The shareholders, led by Amalgamated Bank, accuse Facebook of misleading them about the misuse of user data and demand damages to recover the lost value of Facebook stock, which they claim dropped due to the company’s alleged misrepresentations.
The case, which centres on Facebook’s alleged failure to disclose known data risks, is one of two significant securities cases before the court this month.
On November 13, the court will hear a similar case involving AI chipmaker Nvidia. Rulings in these cases could raise the bar for private litigants seeking to hold companies accountable for alleged securities fraud.
Central to Facebook’s appeal is whether the company violated federal securities law by not disclosing a prior data breach when discussing business risks with investors.
Facebook portrayed such incidents as hypothetical. The lawsuit claims that Facebook breached the Securities Exchange Act of 1934 by not informing investors about a significant 2015 data breach involving Cambridge Analytica, a British political consulting firm, which compromised data from over 30 million users.
Facebook argued in its Supreme Court brief that it was not legally obligated to disclose that a warned-of risk had already happened. It claimed that risk disclosures were generally considered forward-looking, with its lawyer, Kannon Shanmugam, arguing, “A reasonable investor would understand risk disclosures to be forward-looking statements.”
During oral arguments, Justice Elena Kagan expressed scepticism toward Facebook’s argument.
“When we think about these questions, we're not looking only to lies or complete false statements. We're also looking to misleading statements or misleading omissions.”
Justice Samuel Alito added, “Isn't it the case that an evaluation of risks is always forward-looking?” Shanmugam replied “It is.
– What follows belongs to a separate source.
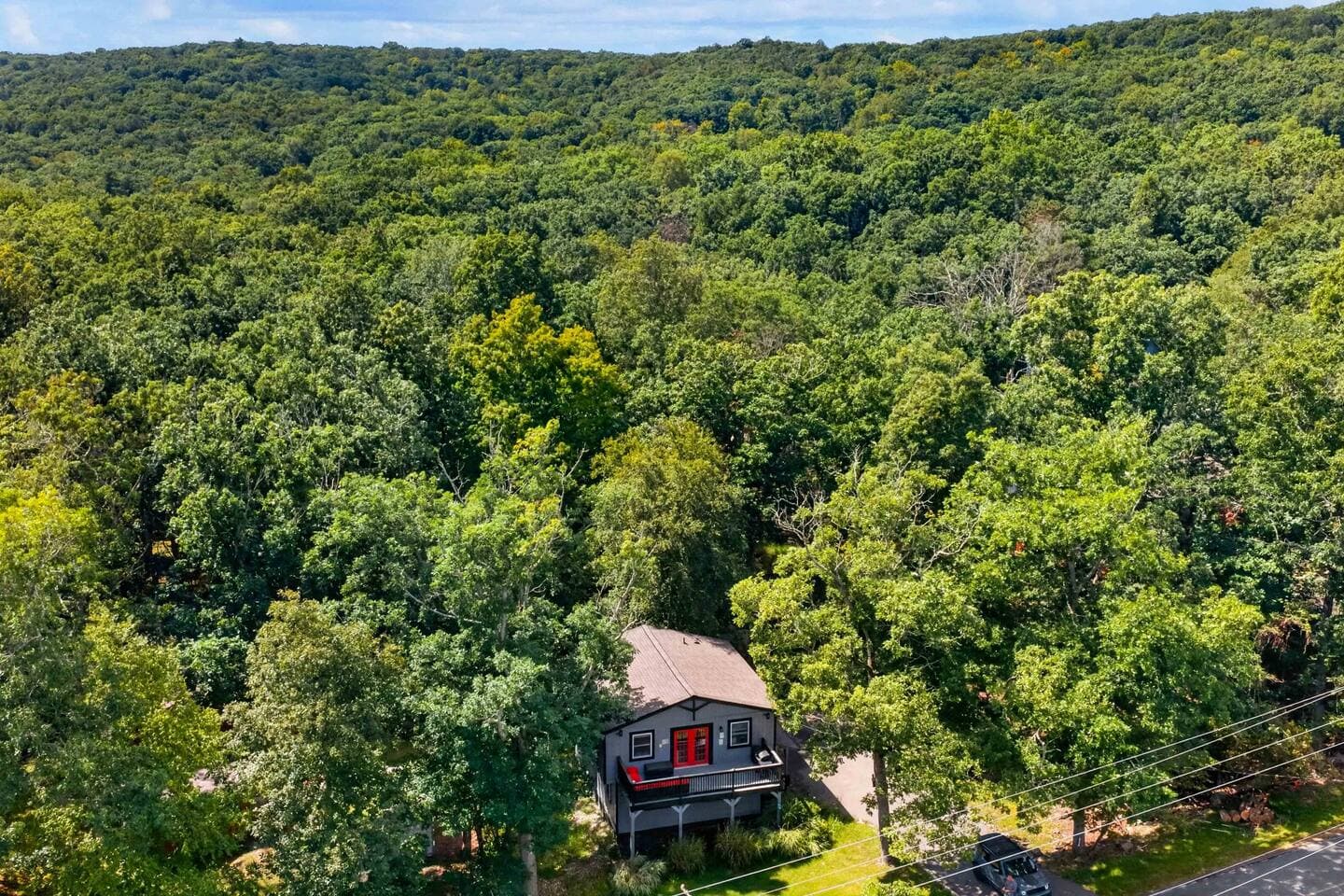 Saw Creek 4‑Bed Mountain Escape w/fire pit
And that is essentially what underlies our argument here.”
A lower court, the San Francisco-based Ninth Circuit Court of Appeals, previously revived the lawsuit after US District Judge Edward Davila had dismissed it.
The plaintiffs argue that Facebook's alleged omission prevented investors from accurately assessing the company's risks, which constitutes fraud by omission.
The Supreme Court's decision, expected by June, could significantly impact the standard required for private investors to bring securities fraud claims against public companies and enable them to laugh all the way to the bank at the expense of shareholders.